The Man from George Street, Part 9

Here (in the last post I will be making until the new year) is the last installment of a series on an exceptionally effective evangelist from Syndey, Australia:

"Well, eight months later, that Crystal Palace Baptist pastor was ministering in Sydney, in Gymea, a southern suburb of Sydney. And he said to the Baptist minister, “Do you know a little man, an elderly little man, who witnesses and hands out tracts in George Street?”

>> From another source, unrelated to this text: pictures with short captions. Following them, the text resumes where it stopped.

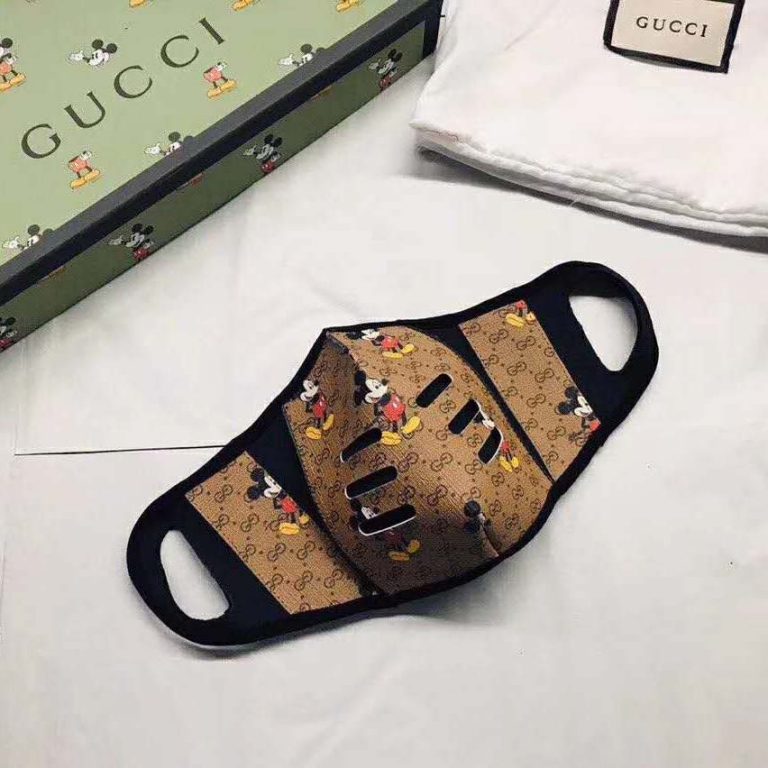 Gucci GG Unisex Disney Gucci Facial Mask Double G Supreme Canvas - LULUX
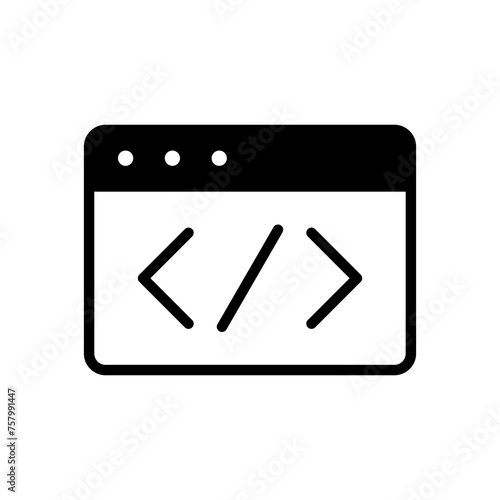 coding icon symbol vector template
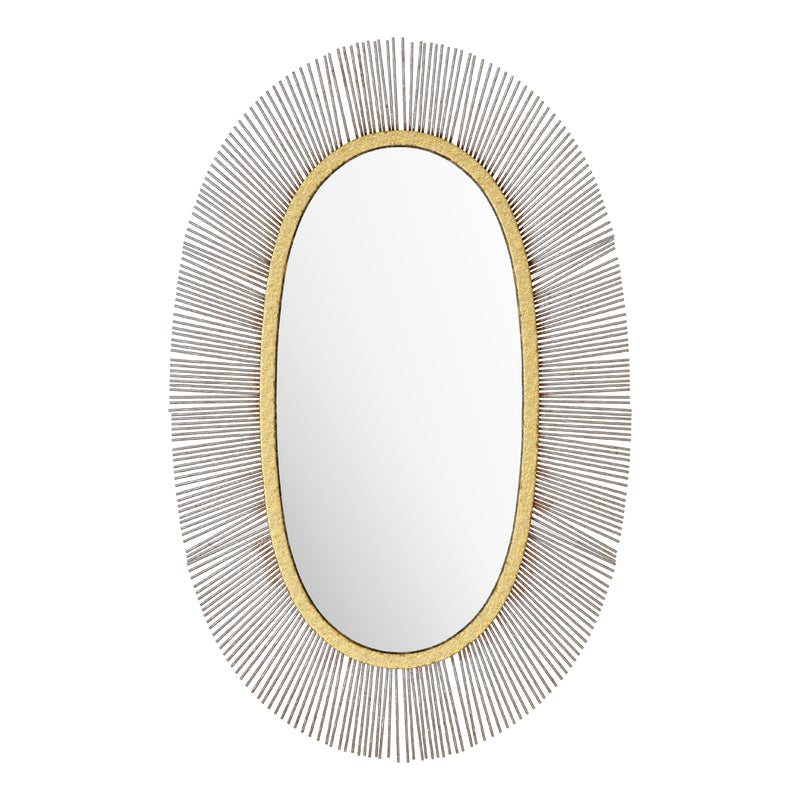 Zuo Juju A12215 Oval Mirror - Black & Gold IMAGE 2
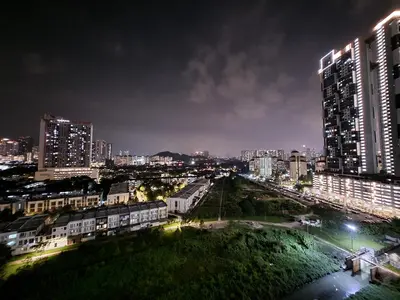 a city skyline at night with tall buildings at Cozy Homestay KL Setapak 2R2B 1CarPark, Pool, Wifi, MALAYSIAN ONLY & MUS-LIM RECOMMENDED in Kuala Lumpur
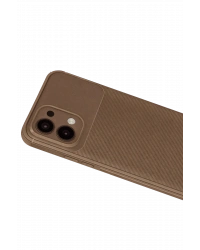 Newface Oppo A6 Pro 4G Auto Focus Karbon Kapak - Kahverengi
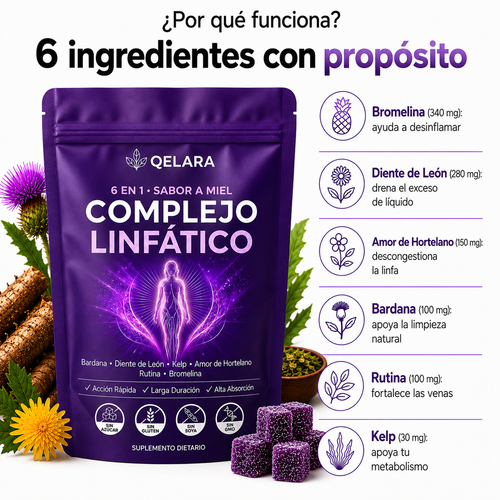 Complejo Linfático 6 en 1 · Sabor a Miel Hombres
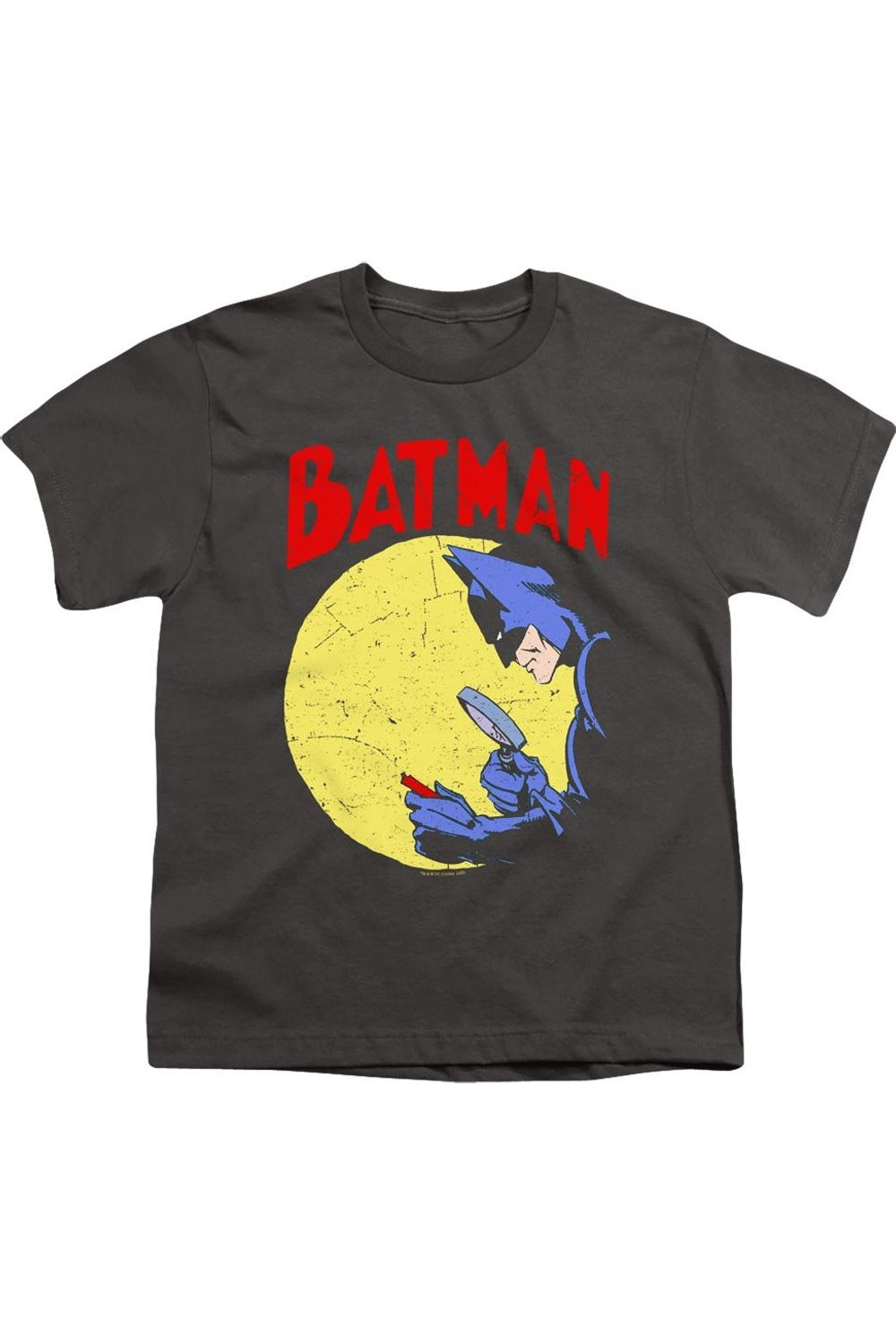 Футболка с коротким рукавом Batman Detective 75 для детей Gildan, Charcoal 
Футболка с коротким рукавом Batman Detective 75 для детей Gildan, Charcoal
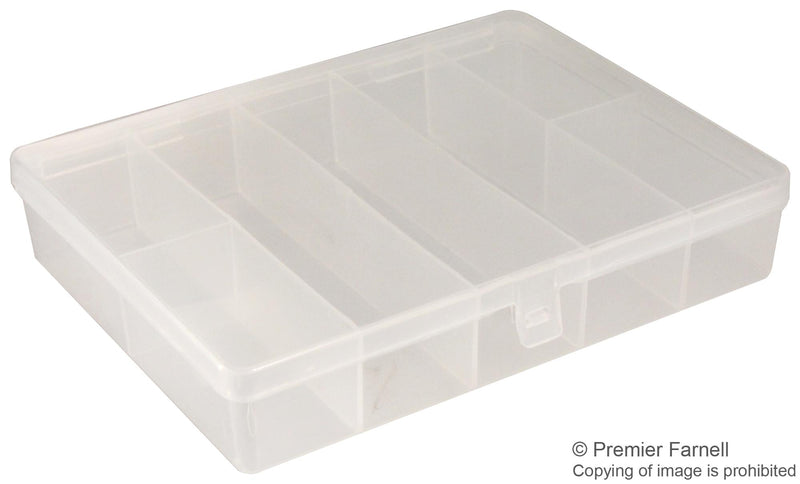 DURATOOL 25/1 Compartment Box, Large, PP, 34mm Height, 178mm Width, 140mm Depth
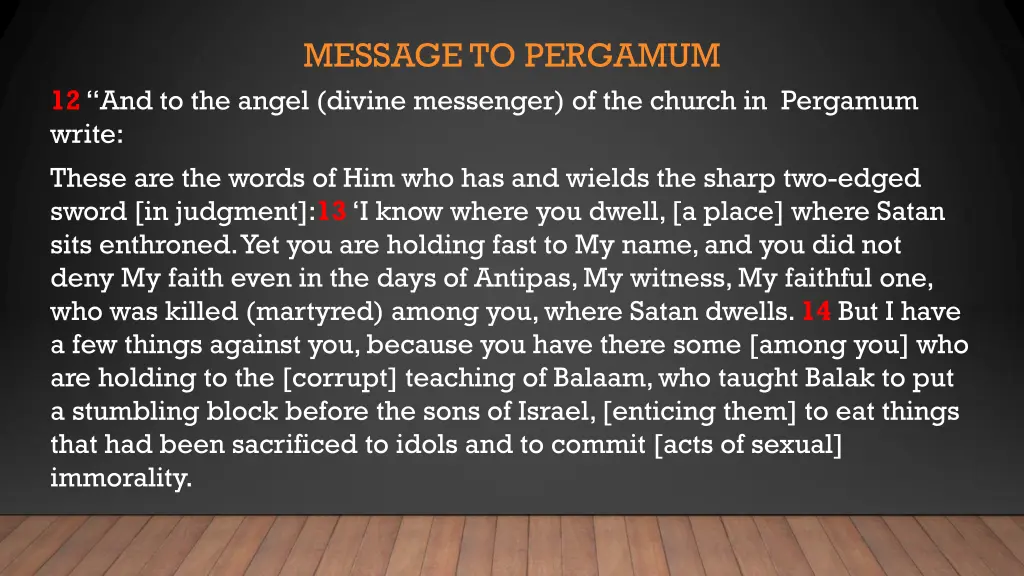 message to pergamum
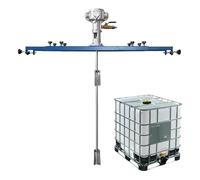 FXLUHAY Agitatore pneumatico, Agitatore pneumatico, Agitatore per vernice, Miscelatore per pigmenti con gancio di supporto, per dissolvente dell'inchiostro Agitatore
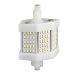 Ecloud ShopUS R7s 60 3014 SMD White LED Light Lamp Bulb 6W 78mm AC 100-240V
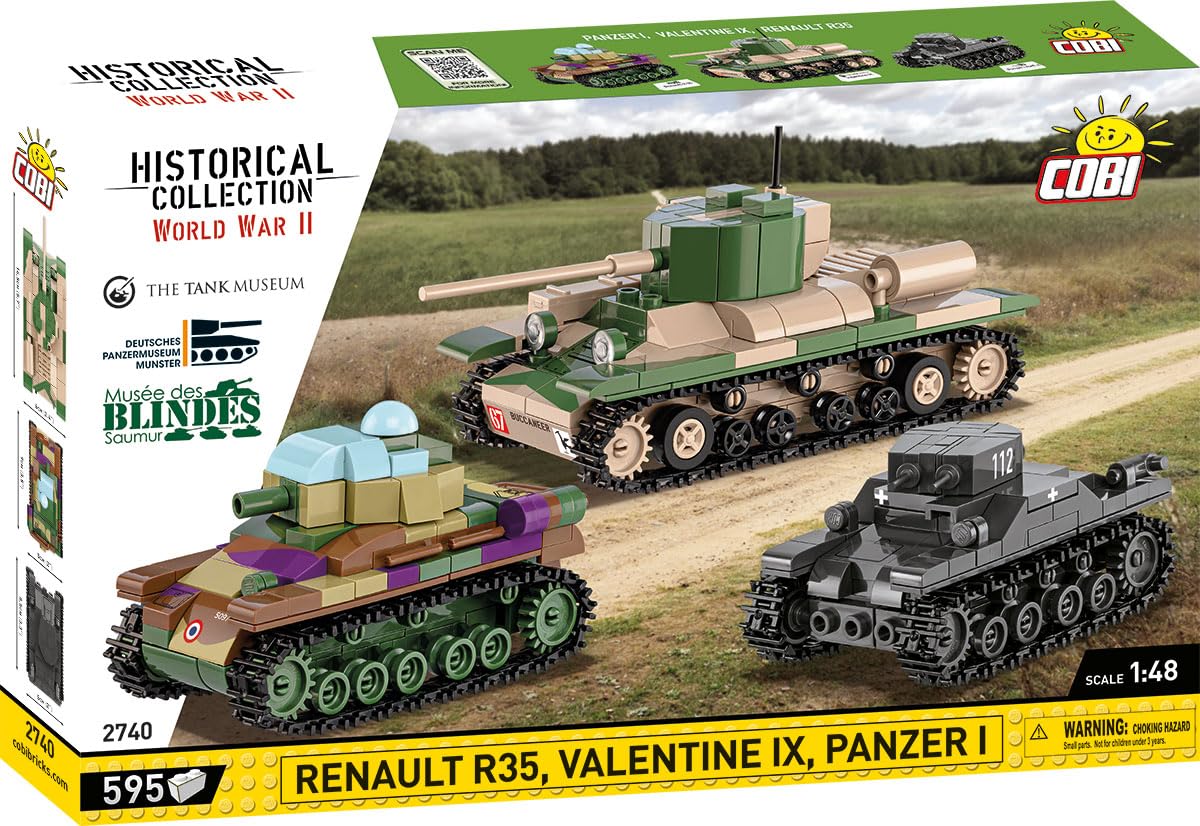 COBI Renault R35, Valentine IX, Panzer I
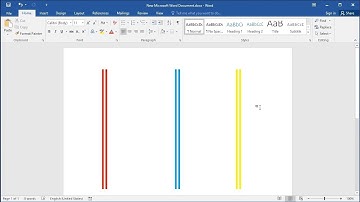 How to add double vertical line in Word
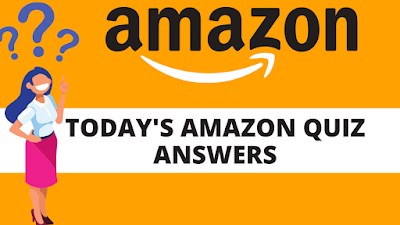 Amazon quiz 27th september answers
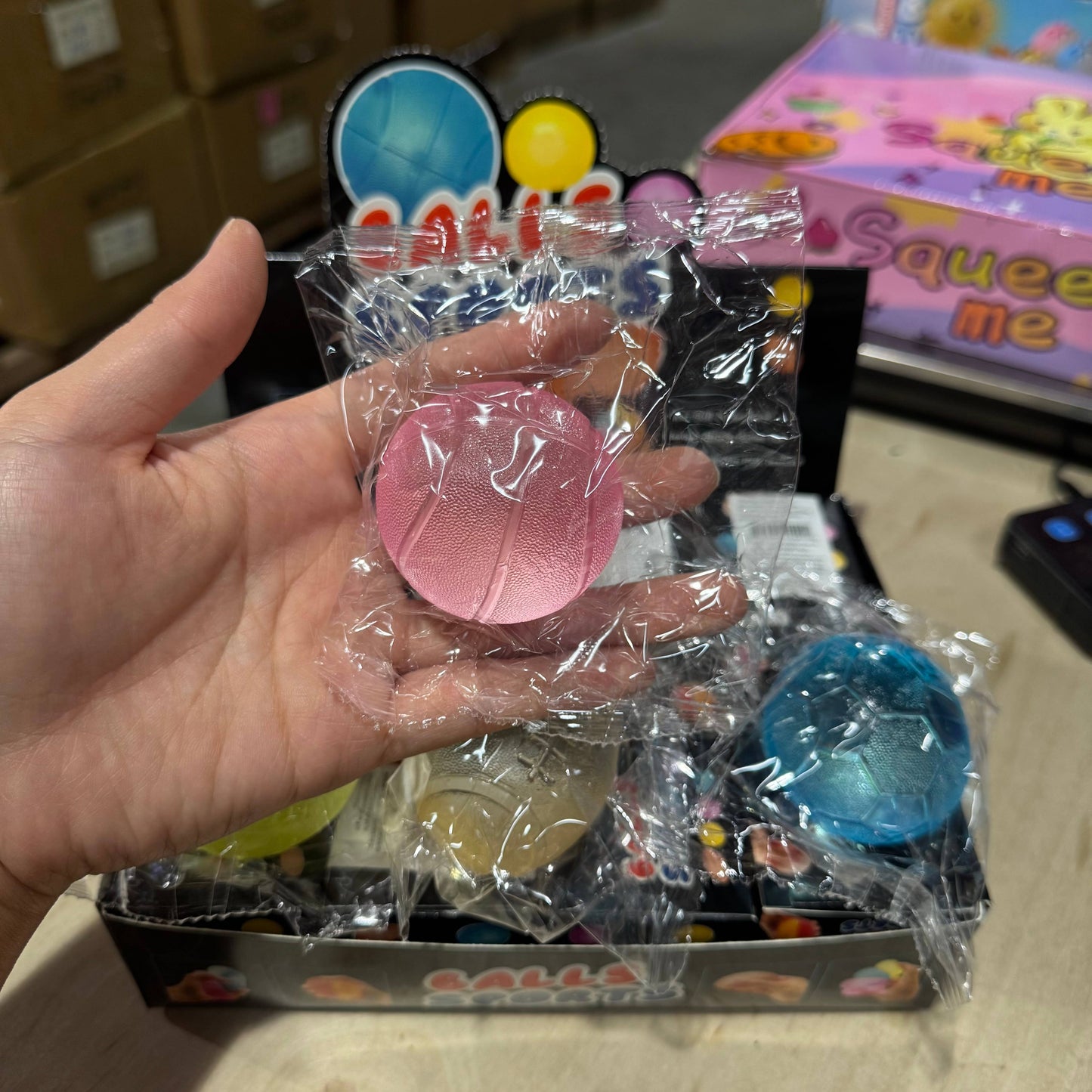 Sugar Squeeze Solid Assorted Sports Ball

"And he said, “I do. His name is Mr.Genor—G-E-N-O-R. But I don’t think he does it anymore; he’s too frail and elderly.” The man said, “I want to meet him.” Two nights later they went ‘round to this little apartment, knocked on the door, and this tiny frail little man opened the door. He sat them down, made them some tea, and he was so frail he was slopping tea into the saucer as he shook. And as he sat with them, this London preacher told him all these accounts over the previous three years. This little man sat with tears running down his cheeks. He said, “My story goes like this,” he said, “I was a rating on an Australian warship and I lived a reprobate life. And in a crisis, I really hit the wall, and one of my colleagues whom I gave literal hell was there to help me. He led me to Jesus, and the change in my life was night to day in twenty-four hours. And I was so grateful to God; and I promised God that I would share Jesus in a simple witness with at least ten people a day as God gave me strength. Sometimes I was ill, I couldn’t do it, but I made up for it at other times. I wasn’t paranoid about it. But I have done this for over forty years and in my retirement years, the best place was on George Street. There were hundreds of people. I got lots of rejections, but a lot of people courteously took the tracts.” And he said, “In forty years of doing this, I’ve never heard of one single person coming to Jesus until today.”